IMG_4973.jpg Hippos with their impressive jaws on display
IMG_5037.jpg The view of the Zambezi River from our camp lookout
IMG_5048.jpg Me and Tobias proudly holding the first catch of the day (the "burping fish")
IMG_5056a.jpg Check out those chompers on the Tiger Fish-appropriate name!
IMG_5059.jpg Jeff taking a crack at fishing
The next morning, we left the lodge by boat at 5:40am and reversed the whole process back to Lusaka. We made good time back to Lusaka, so we decided to catch a bus to Chipata, our next stop on a whim. It turned out to be one of our toughest travel days. We were put on a bus that was supposed to leave around 10:30 am, but operated on a “leave when full” policy and it didn’t fill up until 1:30 pm. While we waited, droves of people marched up and down the aisles selling everything imaginable.

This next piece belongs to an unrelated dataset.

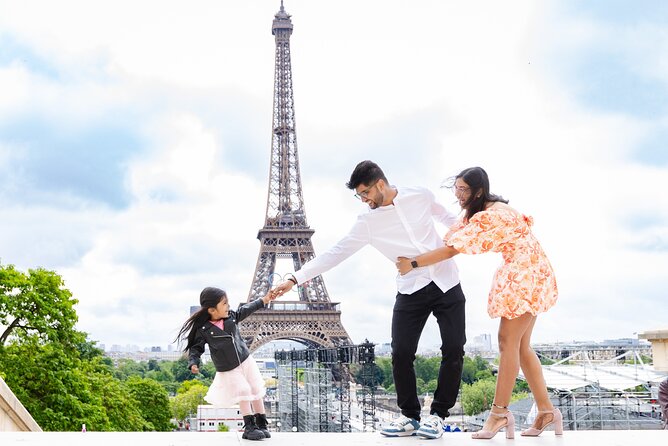 Paris: Eiffel Tower or Louvre Photoshoot - Best Spots - Using the Louvre without entering the museum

It was hot and our patience was wearing thin when the bus finally left; even the locals were getting irritated. Eight hours later we finally arrived in Chipata; we were tired, dehydrated and hungry. Moreover, since it was a last minute decision to head to Chipata, we did not have a room booked, so we hired a taxi to take us to one of the hostels recommended in our guide book. It took us two tries to find a place that had rooms available. Given that it was dark, late at night, and we had to go to two different hostels, the taxi driver charged us an arm and a leg (meters are a rarity in African taxis). Generally, I have an understanding that since we are foreign tourists, we will get charged slightly more for things, which I’m ok with. Most of the people here are very poor and it’s usually a few bucks we’re talking about, but in this instance, we were really swindled. So, that was extremely irritating but you learn for next time. In the end, we just shrugged it off and headed to bed for a good night’s sleep.
There’s really not much to do or see in Chipata, but it is a good stopover when trying to get to Malawi and/or South Luangwa National Park. So after a day of rest in Chipata, we travelled via combi to Mfuwe Village, the gateway to South Luangwa National Park, Zambia’s premiere game park. The trip took three hours on mostly dirt roads.
We stayed just outside the park at Croc Valley. Not wanting to repeat Chipata, we called ahead and reserved two dorm beds. Fortunately for us, however, the dorm beds were full when we arrived, so we were upgraded to a private cottage free of charge … one of the nicest places we’ve stayed since starting the trip :)
IMG_5077.jpg
We went on two game drives in South Luangwa National Park, one day and one night. The day drive sets off at 6:00 am (the best time to see animals is at dawn and dusk) and we saw lots of animals, including giraffes fighting (see below video link) and two female lionesses with cubs. The cubs were about three months old and adorable- we hadn’t seen any cubs up to this point so it was exciting. The night drive set off at 4:00pm (it is winter here, so it is dark around 5:30pm). The night drive was amazing though because we saw two leopards fairly close up, one at dusk and the other in the dark with a spot light. Our safari vehicle also got a flat tire and we all had to unload in the dark so that it could be fixed. It is definitely unnerving when you leave the safety of your vehicle in lion and leopard territory (and even more so at night) so we all had our headlamps pointed in the general direction of the bush hoping to not see eyes staring back at us.
Video of the Fighting Giraffes
IMG_5091.jpg Hungry hippo out of the water (they only come out of the water towards evening to eat because their skin burns too easily during the day)
IMG_5152a.jpg Mom and cubs- they were georgous
IMG_5201.jpg Warthog (aka Pumba :))
IMG_5267.jpg Up Close with a Leopard
IMG_5274.jpg Just after sunset in South Luangwa
South Luangwa was our last stop in Zambia, so the next day we set off for Malawi. Public transport is very limited leaving South Luangwa and combis leave the village between 10 and 11 at night (not the safest drive in my opinion given the dark, bad roads, wild animals, and tired/drunk drivers). As a result, we were planning to hitchhike during the day back to Chipata, but then by a stroke of luck one of the owners of Croc Valley was driving not only to town, but to the Malawi border as well - so we got a lift with him all the way to the border! It was amazingly more comfortable than a combi and he was officially my hero that day.
We’ll write more from Malawi soon!

Posted by geldere 07:22 Archived in Zambia Comments (0)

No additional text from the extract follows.